A patient may respond better if they feel like they get feedback from their therapist even when they are not at a therapy visit. This can also be true for when therapy is complete. The patient may experience may be enhanced if they have a way to connect to their therapist even after they have been discharged from care. A patient may want to ask a follow up question or continue to keep track of their exercises the way they did during therapy. If a patient gets used to using a certain website or app to track their compliance then they may want to continue to use that website or app to continue to be compliant with their program. A patient’s compliance with their home program is important even after physical therapy ends in order to continue to improve function and avoid regression. Patient compliance during and after therapy are both important. Patients often return to therapy for the same diagnosis due to non-compliance with their home program. For example, patients with chronic low back pain often return to therapy with the same complaints they had when they initially started therapy the first time. The patient is usually asked at the initial evaluation during the second round of therapy if they are compliant with their home program and usually the answer is no or not 100% of the time. The cost of health care is on the rise and if patients continue to return to physical therapy for the same condition due to non-compliance then health care costs will not improve. If a patient is truly engaged in their care then they will be compliant with their home program and if they are compliant with their home program there is a less likely chance that they will return to their doctor with the same complaints. The doctor will often refer the patient back to physical therapy because the patient will say that it worked the first time and they had symptom relief. What the patient doesn’t realize is that if they were compliant with their home program on a consistent basis then they may not have to go to multiple doctor and therapy visits for the same condition that they had previously. If the patient had a way to keep track of their compliance and a way to continue to get some encouragement or feedback from their therapist when needed they may be more likely to continue with their home program. The patient would have better outcomes and it would help to decrease the amount of patients who return to therapy for the same condition.

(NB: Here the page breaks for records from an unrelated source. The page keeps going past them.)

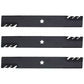 Qty 3: Toothed Mower Blades Fits AYP Replaces 127843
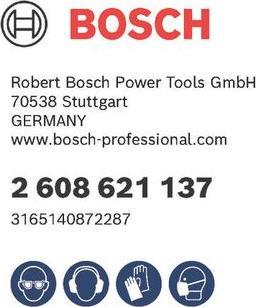 Actual product image Bosch Professional Sanding sheet M480 Net. Best for Wood and Paint. 115 mm. 120. 5-pack (120)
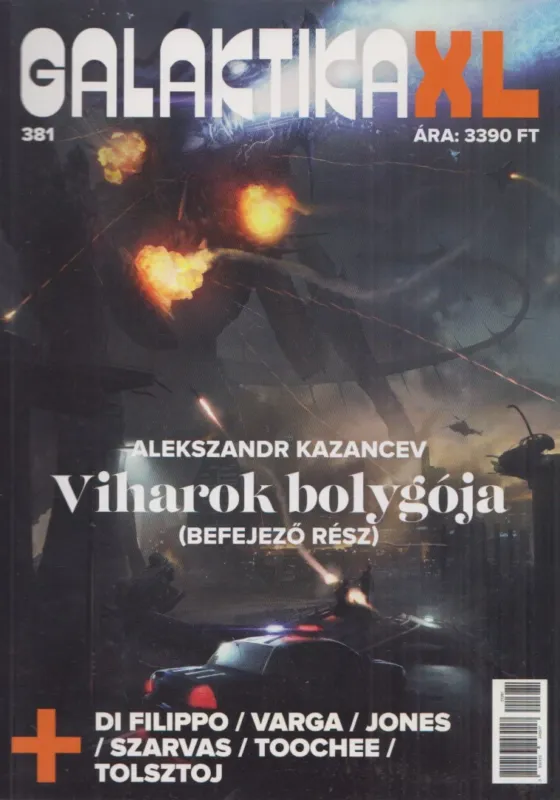 Galaktika XL 381. 2021. december - Viharok bolygója (befejező rész) Azonnal elérhető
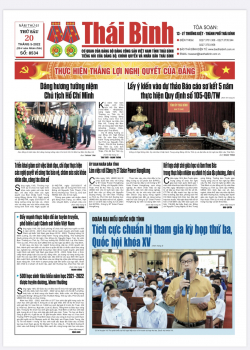 SỐ: 8534 - Thứ 6 ngày 20/05/2022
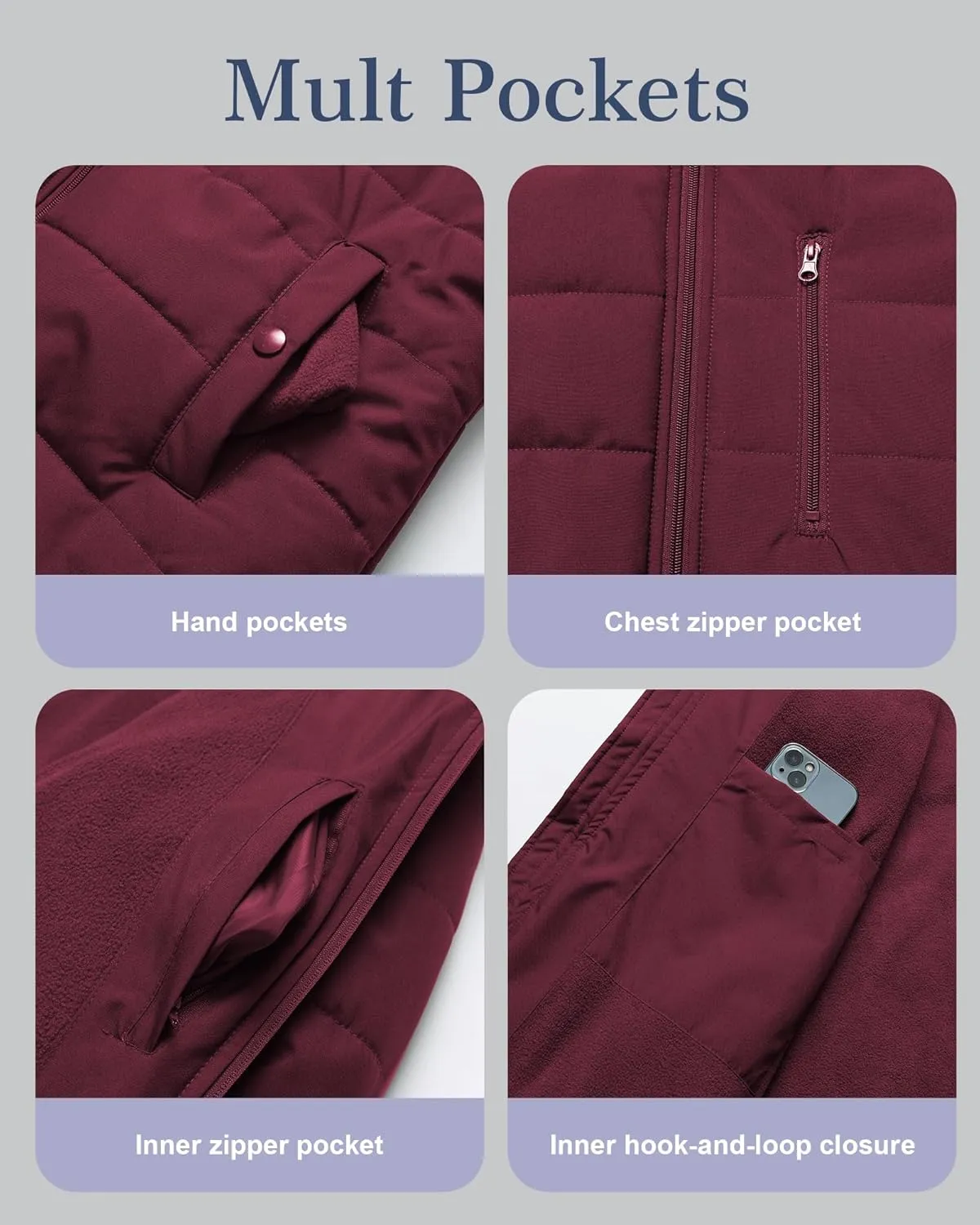 CREATMO US Women's Plus Size Winter Coats Long Puffer Jacket Fleece Lined Parka Removable Fur Hood Available in 1X To 5X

Patient engagement begins before a patient even enters your clinic. The patient goes to the doctor sometimes expecting a quick fix and then end up with a referral to physical therapy. A patient may have anxiety or be nervous about the situation if they have never been to physical therapy before. At the initial evaluation it is important for the therapist to lay out the expectations for therapy and adequately educate the patient on the importance of performing their home program. The patient needs to be completely engaged in their care in order to be successful. One way to do this is to have an interactive home program app or patient portal where information can be shared between patient and therapist. The patient may also benefit from continued education after their care has been completed in order for the patient to continue to be engaged and improve patient outcomes. Patient engagement is the key to every patient success story. Patients need to have a positive experience in order for them to be more engaged in their care.